→ Task to complete
For the entries below, the result should be an exact transcription of the lines from the one with "SPOT 68052129: Toy Cat Rod N Reel Teaser" up to and including the one with "Margarita Cocktail Graphic", and only those.

→ Dataset
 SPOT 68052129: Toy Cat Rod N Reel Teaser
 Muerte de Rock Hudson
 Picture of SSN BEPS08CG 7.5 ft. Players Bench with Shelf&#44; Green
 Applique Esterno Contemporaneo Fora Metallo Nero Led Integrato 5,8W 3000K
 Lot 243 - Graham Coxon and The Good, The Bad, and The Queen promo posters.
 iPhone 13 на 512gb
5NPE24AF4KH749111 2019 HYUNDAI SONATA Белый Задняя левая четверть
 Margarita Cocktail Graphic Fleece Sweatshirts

--

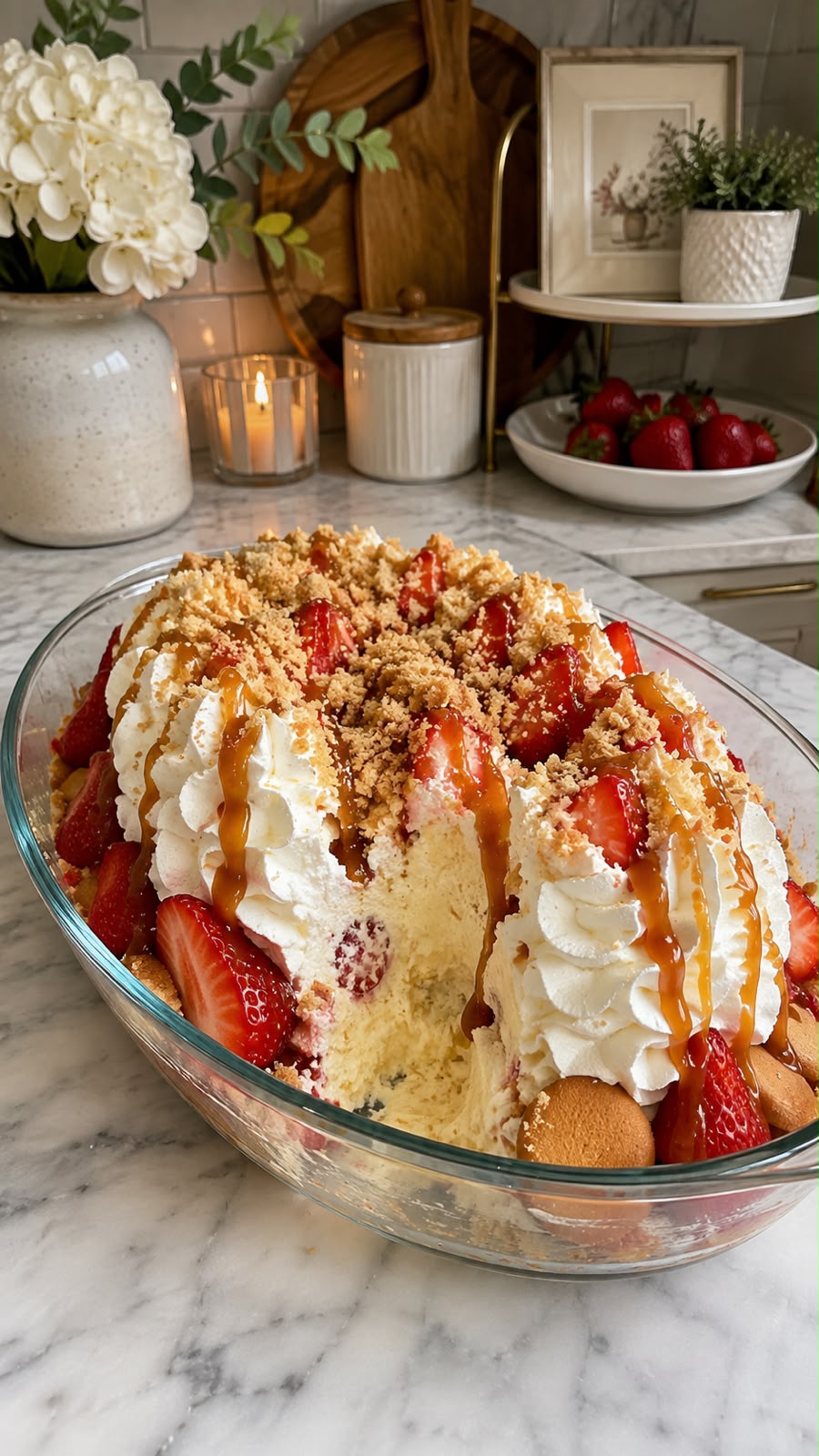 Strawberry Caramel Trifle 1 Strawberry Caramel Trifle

--

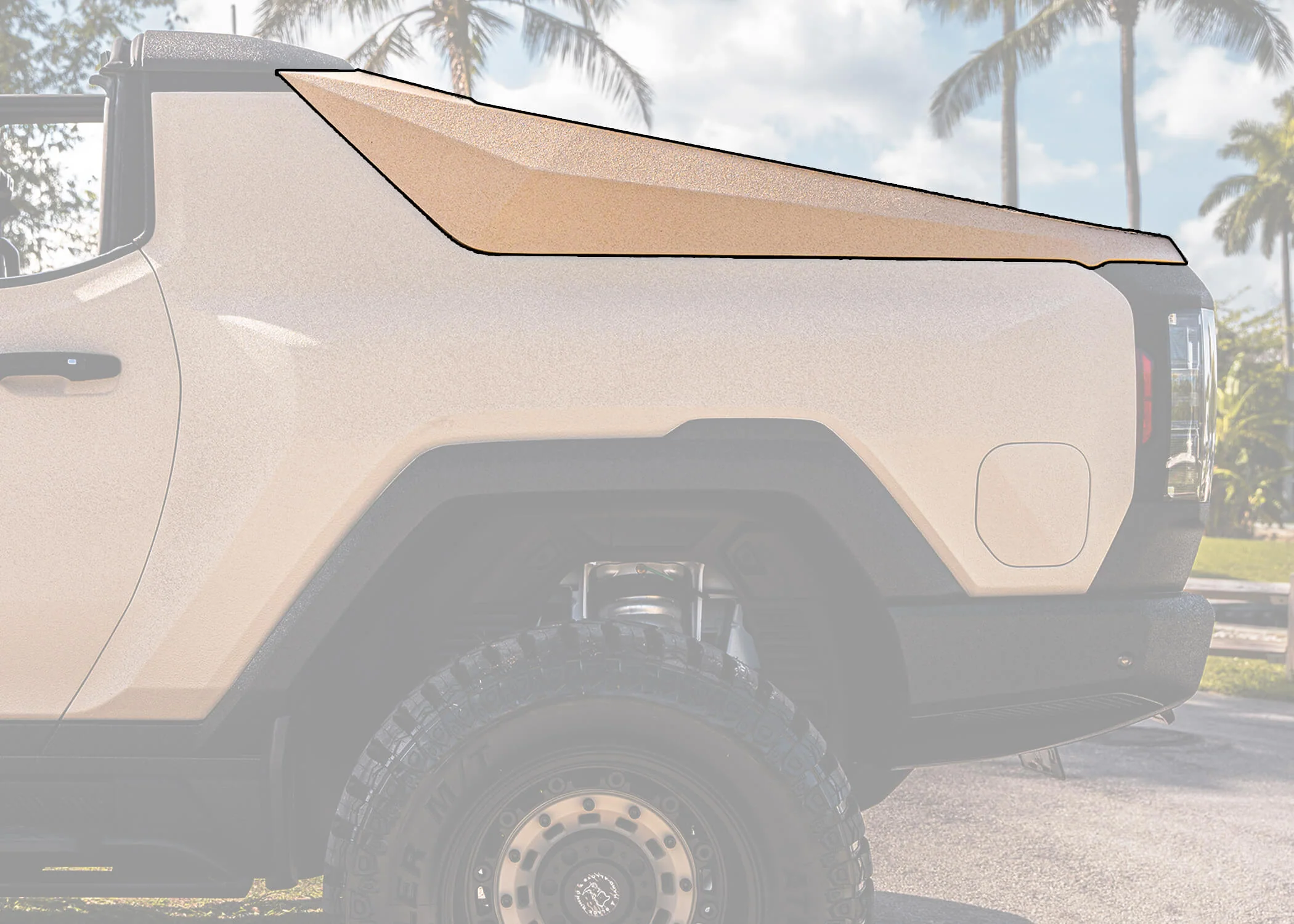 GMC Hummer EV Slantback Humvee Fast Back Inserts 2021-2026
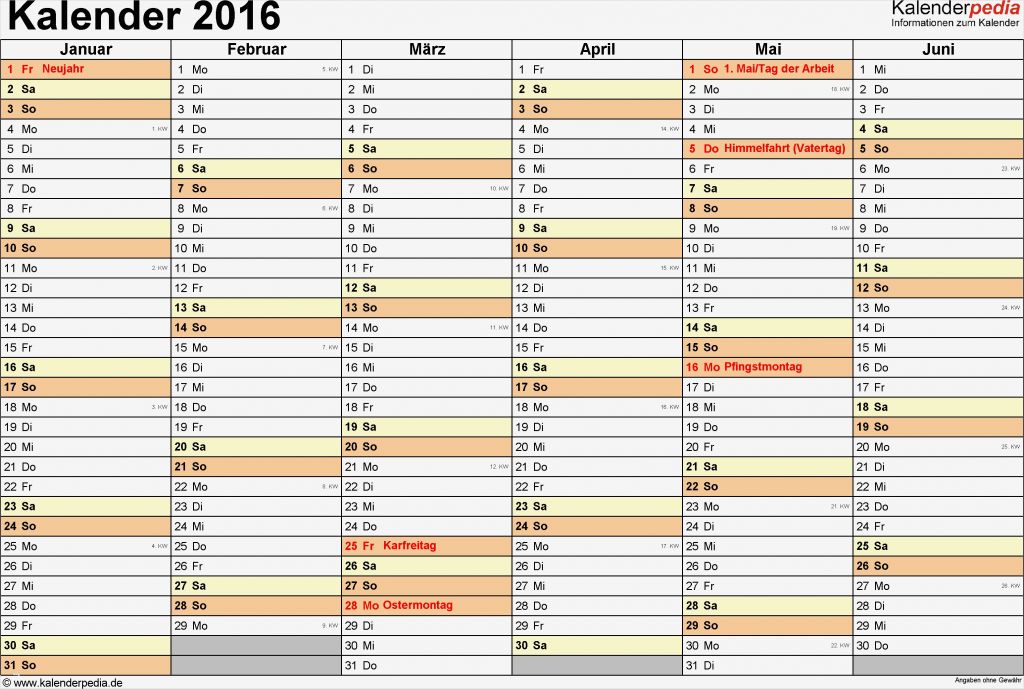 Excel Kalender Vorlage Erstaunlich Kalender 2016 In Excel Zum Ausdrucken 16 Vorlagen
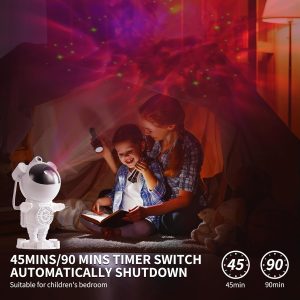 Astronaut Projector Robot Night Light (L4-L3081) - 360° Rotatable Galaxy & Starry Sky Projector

→ Answer box
 SPOT 68052129: Toy Cat Rod N Reel Teaser
 Muerte de Rock Hudson
 Picture of SSN BEPS08CG 7.5 ft. Players Bench with Shelf&#44; Green
 Applique Esterno Contemporaneo Fora Metallo Nero Led Integrato 5,8W 3000K
 Lot 243 - Graham Coxon and The Good, The Bad, and The Queen promo posters.
 iPhone 13 на 512gb
5NPE24AF4KH749111 2019 HYUNDAI SONATA Белый Задняя левая четверть
 Margarita Cocktail Graphic Fleece Sweatshirts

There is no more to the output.